29 Replies to “UHS-1 support in DragonFly”

  1. This is nice, but I think most people are waiting for some word on the status of HAMMER2.

  2. Are you going to post that comment on every non-HAMMER2 post I make from now on?

  3. Hi Justin,

    First many thanks for your excellent blog, I read it every day! Your answer made me laugh… must be kind of depressing though…

    At the risk of asking a naive question I would be interested in what UHS is, is it a hardware driver or rather a file system?

  4. It is depressing; there’s not much value in non-sequitur comments – but I keep getting them.

    It’s funny; I tried typing “UHS” into Google Search and most of the initial results were about University Health Services at a local school; searching for “UHS” and “Secure Digital” gave much better results.

  5. If Dfly had a release roadmap, a ton of these blog comments wouldn’t exist.

    Please ole please Dfly, just lost a simple release roadmap.

  6. Why does someone have to chase down each developer?

    Just have a wiki page for Release Sxhedule that allows developers to add to it.

    Don’t accept commits unless developers add to the wiki Release Page.

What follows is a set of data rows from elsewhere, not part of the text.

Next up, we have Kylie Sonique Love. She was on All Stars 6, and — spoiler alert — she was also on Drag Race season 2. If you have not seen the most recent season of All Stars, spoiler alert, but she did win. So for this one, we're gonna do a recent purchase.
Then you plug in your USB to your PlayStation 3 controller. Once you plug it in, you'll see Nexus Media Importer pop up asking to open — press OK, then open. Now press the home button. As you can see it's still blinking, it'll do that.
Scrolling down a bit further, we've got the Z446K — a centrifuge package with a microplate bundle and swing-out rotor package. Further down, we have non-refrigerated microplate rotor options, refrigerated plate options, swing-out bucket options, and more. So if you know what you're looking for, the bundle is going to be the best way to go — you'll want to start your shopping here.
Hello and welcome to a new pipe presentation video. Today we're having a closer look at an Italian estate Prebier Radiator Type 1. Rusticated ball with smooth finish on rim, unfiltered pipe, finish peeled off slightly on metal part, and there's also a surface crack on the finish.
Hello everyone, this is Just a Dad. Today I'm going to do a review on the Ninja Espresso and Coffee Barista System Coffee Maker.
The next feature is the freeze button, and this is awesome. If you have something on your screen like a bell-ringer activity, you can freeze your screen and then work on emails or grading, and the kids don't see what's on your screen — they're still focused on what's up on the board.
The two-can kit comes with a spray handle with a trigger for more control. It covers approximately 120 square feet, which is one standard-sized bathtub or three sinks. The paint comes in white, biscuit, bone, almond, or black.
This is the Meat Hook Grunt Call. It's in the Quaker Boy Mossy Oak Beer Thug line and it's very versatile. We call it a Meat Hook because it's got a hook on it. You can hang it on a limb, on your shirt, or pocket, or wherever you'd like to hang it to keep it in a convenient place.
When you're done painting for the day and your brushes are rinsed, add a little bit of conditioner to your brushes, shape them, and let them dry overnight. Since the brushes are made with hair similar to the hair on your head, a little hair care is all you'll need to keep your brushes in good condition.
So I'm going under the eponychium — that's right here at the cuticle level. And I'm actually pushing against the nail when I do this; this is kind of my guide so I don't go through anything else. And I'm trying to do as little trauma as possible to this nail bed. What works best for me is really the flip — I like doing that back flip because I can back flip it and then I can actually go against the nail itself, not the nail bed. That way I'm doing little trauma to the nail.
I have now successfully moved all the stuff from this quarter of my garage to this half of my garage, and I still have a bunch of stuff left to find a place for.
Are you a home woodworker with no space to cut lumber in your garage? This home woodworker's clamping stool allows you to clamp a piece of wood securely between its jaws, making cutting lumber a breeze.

  7. At the risk of sounding pedantic, I too think that if Dragonfly had a development roadmap, even if a *rough* one, it would mean a lot to the community. I mean its probably a bit tiring for you Justin as well as the developers to get these comments, emails, IRC questions etc. asking the same things. It wastes everyone’s valuable time. If a roadmap were available one could just direct all these questions to one link.

    So +1 for the roadmap

  8. Saying “but you just have to do this” is not suddenly giving me time to do it. Aside from the fact that wiki and redmine pages have been set up for this before, and also the fact that making it harder to commit doesn’t help developers, I’m saying: if it matters to you, do something about it.

    That goes for all of you posting “+1”. If you were looking for the absolute minimum effort you could make – the least helpful assertion possible – that would be it. This is leaving me disappointed.

  9. Andrew – II’ve written multiple times that doing something is better than commenting about how someone should be doing something.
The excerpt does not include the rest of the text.